- Goal of the exercise:
What lines in the following entries hold the word "Wedding"? Copy each one.

Source material below:

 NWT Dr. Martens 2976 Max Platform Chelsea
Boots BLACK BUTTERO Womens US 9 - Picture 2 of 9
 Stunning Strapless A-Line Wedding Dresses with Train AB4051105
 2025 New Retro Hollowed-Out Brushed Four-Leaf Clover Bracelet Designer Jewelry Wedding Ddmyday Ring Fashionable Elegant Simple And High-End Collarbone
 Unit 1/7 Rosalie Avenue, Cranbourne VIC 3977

End of Source material.

- Answer to the exercise:
 Stunning Strapless A-Line Wedding Dresses with Train AB4051105
 2025 New Retro Hollowed-Out Brushed Four-Leaf Clover Bracelet Designer Jewelry Wedding Ddmyday Ring Fashionable Elegant Simple And High-End Collarbone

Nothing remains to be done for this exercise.